Chinese technology shares steadied after two days of sharp losses. Companies have faced pressure after the Trump administration last week unveiled executive orders targeting social media apps TikTok and WeChat.

The Hong Kong-listed shares of Tencent, the owner of WeChat, rose 1.8 per cent while ecommerce group Alibaba was almost flat.

Rising US-China tensions have continued to rein in gains in global markets this week, as Beijing sanctioned 11 US citizens on Monday.

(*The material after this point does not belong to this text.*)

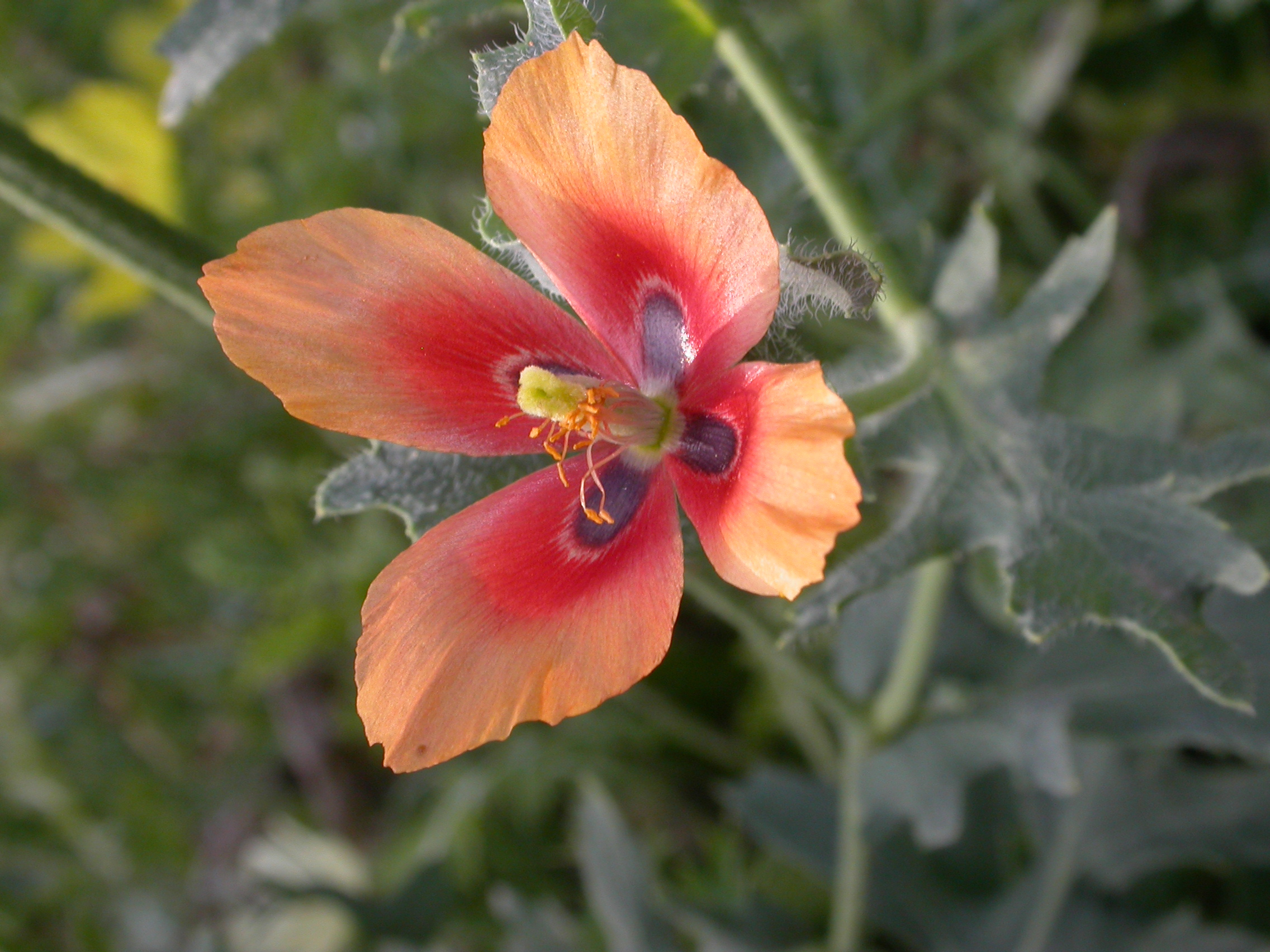 Papaveraceae Glaucium corniculatum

“No single piece of hard data” was driving gains on Tuesday, said Robert Rennie, global head of market strategy at Westpac, but the reopening of markets in Tokyo and Singapore had boosted liquidity.
However, he suggested that buoyant global equity markets were pricing in an overly optimistic economic scenario. “You continue to see signs of a V-shaped recovery for markets versus a W-shaped recovery from an economic perspective,” he said.

Oil prices were mixed, with the International Energy Agency set to make its forecasts on US oil production later on Tuesday. Brent crude, the international benchmark, was unmoved at $44.97 a barrel. US marker West Texas Intermediate climbed 0.2 per cent to $42.02 a barrel.

Gold slipped 1.4 per cent to just below $2,000 per troy ounce. The precious metal is down about 3 per cent since hitting an all-time high on August 7, with the US dollar trimming its losses by almost 1 per cent since then.